Florida Parents: Pay Your Child Support or Face Consequences

When a court orders child support, the court then expects the parent who has been ordered to do so to make the support payments on time, every time. After all, the custodial parent and, by extension, any children affected very likely depend on the child support payments for financial support. Unfortunately, there are parents all over Florida that do not make their child support payments regularly, if at all. A judge in a fellow southern state is sending a message to parents that do not pay — a message that all parents that are not paying their court-ordered child support need to hear.

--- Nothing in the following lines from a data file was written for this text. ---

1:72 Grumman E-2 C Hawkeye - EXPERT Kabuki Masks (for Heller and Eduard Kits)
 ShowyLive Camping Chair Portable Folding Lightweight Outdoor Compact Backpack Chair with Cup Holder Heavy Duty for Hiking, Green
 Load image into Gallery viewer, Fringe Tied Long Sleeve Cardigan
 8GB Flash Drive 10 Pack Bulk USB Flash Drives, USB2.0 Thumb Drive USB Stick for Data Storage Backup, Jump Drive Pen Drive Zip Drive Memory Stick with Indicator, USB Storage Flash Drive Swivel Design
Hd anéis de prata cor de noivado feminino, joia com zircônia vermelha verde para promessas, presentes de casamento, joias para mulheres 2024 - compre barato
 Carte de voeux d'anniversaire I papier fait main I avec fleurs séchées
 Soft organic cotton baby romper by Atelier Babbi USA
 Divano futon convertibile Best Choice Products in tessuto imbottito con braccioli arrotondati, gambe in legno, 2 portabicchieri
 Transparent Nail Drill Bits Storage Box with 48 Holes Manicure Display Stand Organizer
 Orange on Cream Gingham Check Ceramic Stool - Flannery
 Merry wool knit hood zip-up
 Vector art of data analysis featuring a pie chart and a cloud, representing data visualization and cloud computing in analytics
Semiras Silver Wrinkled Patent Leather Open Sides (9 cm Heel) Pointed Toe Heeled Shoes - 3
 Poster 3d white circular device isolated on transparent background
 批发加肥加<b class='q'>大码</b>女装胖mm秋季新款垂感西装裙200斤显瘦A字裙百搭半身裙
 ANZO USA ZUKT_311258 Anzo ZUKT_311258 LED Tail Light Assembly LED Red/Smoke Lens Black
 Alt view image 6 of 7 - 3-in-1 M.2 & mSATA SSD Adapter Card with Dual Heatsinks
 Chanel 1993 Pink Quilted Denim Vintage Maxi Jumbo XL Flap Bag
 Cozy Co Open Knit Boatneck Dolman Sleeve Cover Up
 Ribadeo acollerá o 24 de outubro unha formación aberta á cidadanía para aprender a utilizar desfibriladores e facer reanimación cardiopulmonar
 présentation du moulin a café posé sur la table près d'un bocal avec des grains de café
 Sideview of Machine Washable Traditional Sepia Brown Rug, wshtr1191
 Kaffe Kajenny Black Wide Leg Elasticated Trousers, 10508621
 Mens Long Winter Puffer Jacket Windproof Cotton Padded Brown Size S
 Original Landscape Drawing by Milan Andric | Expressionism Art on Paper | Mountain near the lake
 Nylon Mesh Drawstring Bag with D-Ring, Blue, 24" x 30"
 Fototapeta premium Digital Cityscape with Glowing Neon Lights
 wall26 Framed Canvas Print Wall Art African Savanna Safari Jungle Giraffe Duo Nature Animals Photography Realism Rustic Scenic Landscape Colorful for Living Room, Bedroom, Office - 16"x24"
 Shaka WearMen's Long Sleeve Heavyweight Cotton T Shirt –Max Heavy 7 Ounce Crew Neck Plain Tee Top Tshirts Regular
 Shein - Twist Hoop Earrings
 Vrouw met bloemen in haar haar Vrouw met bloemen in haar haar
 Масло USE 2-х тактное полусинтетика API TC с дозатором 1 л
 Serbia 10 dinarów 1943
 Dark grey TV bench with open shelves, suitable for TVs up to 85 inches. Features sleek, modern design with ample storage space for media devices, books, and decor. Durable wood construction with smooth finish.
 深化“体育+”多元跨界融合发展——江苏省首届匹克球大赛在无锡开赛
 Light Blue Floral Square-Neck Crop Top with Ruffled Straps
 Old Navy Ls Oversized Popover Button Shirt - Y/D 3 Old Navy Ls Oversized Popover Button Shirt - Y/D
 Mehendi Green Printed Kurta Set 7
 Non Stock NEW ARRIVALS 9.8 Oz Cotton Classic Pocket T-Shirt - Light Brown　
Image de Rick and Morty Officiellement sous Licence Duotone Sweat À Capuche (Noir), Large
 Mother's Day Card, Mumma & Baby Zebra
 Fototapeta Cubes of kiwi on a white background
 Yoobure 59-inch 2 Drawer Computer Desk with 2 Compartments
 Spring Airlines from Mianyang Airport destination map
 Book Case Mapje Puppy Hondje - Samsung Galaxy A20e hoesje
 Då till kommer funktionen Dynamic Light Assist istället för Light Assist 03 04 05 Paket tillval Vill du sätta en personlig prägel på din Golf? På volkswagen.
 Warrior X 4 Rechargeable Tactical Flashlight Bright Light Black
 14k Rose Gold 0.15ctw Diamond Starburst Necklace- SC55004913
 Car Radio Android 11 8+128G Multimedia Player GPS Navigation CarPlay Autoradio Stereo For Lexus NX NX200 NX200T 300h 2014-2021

A circuit court judge has accepted a guilty plea from a mother for failure to pay court-ordered child support. The mother was charged with two felony counts of non-support and it is for both that she has been sentenced. The judge´s sentence includes 5 years in prison, which has been suspended, an order to pay $5,000 in back child support immediately, an order to pay court costs and extradition costs and an order to pay $270 per month in addition to her regular child support payments until she is no longer in arrears.

The Mississippi judge has been tough on this mother. From the amount that she has been ordered to pay, one knows that she owes the father of her children over $5,000 in back child support. That sum can make a big difference to a family in these tough economic times.

In Florida, the Department of Revenue spends a substantial amount of time and money each year collecting, disbursing and enforcing child support payments, but they cannot do it all. Sometimes, as in this case, it takes a drastic measure to get a parent to pay his or her court-ordered support payments. A custodial parent owed past due child support typically has hopes of hearing a judge rule as this one did — in favor of the children.